Bei der wirtschaftlichen Gesamtbetrachtung wäre daher zugunsten aller Gläubiger nach Verwertung der M. straße infolge des Ausfalls des Beklagten bei der Veräußerung der …ein größerer Betrag zur Verfügung gestanden. Dieser dem Beklagten zugeflossene Betrag benachteiligte daher die übrigen Gläubiger.
An dieser rechtlichen Einschätzung vermag somit der Einwand des Beklagten, seine Forderungen seien durch Zwangssicherungshypotheken gesichert, nichts zu ändern, da jedenfalls die Zwangssicherungshypothek am Grundstück …wirtschaftlich wertlos war. Auch der Einwand des Beklagten, es liege keine Gläubigerbenachteiligung vor, weil das Grundstück wertausschöpfend belastet gewesen sei und daher ein Minus für die Gesamtheit der Gläubiger nicht bestehe, greift nicht durch.

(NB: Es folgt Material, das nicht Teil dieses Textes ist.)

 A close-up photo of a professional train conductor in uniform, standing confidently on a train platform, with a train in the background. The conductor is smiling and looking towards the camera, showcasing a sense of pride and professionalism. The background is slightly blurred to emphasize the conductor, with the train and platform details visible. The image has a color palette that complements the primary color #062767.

Denn eine neutrale und die Gläubiger nicht benachteiligende Ablösung eines Absonderungsrechts liegt vor, wenn die Zahlung nicht den Erlös überschreitet, den der Absonderungsberechtigte bei einer hypothetischen Verwertung der Sache oder Forderung hätte erzielen können (BGH 17.6.2004 IX ZR 124/03 Tz 23 ZIP 2004, 1509 = ZInsO 2004, 856 = NZI 2004, 492; BGH 6.4.2006 IX ZR 185/04 Tz 21 ZIP 2006, 1009 = ZInsO 2006, 544 = NZI 2006, 403; BGH 19.3.2009 IX ZR 39/08 Tz 13 ZIP 2009, 817 = ZInsO 2009, 828 = NZI 2009, 379; BGH 26.4.2012 IX ZR 67/09 Tz 32 NZI 2012, 667 = ZInsO 2012, 1429; Uhlenbruck/Borries/Hirte, 15. Aufl. 2019, InsO § 129 Rn. Randnummer 213). So stellt sich der Sachverhalt hier jedoch gerade nicht dar, weil bei hypothetischer Betrachtung der Beklagte mit seiner Forderung ausgefallen wäre.

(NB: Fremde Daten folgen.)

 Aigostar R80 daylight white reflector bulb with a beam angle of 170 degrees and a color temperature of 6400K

3. Benachteiligungsvorsatz
Die Schuldnerin handelte auch mit Benachteiligungsvorsatz. Benachteiligungsvorsatz liegt vor, wenn der Schuldner bei Vornahme der Rechtshandlung die Benachteiligung der Gläubiger gewollt oder sie jedenfalls als mutmaßliche Folge seines Handelns erkannt und gebilligt hat, sei es auch als sogar unerwünschte Nebenfolge eines anderen erstrebten Vorteils; Motiv oder Anlass der Rechtshandlung können ein völlig anderer gewesen sein (Uhlenbruck/Borries/Hirte, 15. Aufl. 2019, InsO § 133 Rn. Randnummer 35). Aufgrund des vorliegenden Sachverhaltes und der objektiv vorliegenden Gläubigerbenachteiligung bei gesamtwirtschaftlicher Betrachtung bestehen am – zumindest – bedingten Benachteiligungsvorsatz der Schuldnerin keine Zweifel. Aufgrund der unstreitigen Zahlungseinstellung gegenüber dem Finanzamt A. seit Mitte 2016, aufgrund derer es zur Eintragung der Zwangshypothek gekommen war, wird der Gläubigerbenachteiligungsvorsatz gem. § 17 Abs. 2 S. 1 InsO vermutet.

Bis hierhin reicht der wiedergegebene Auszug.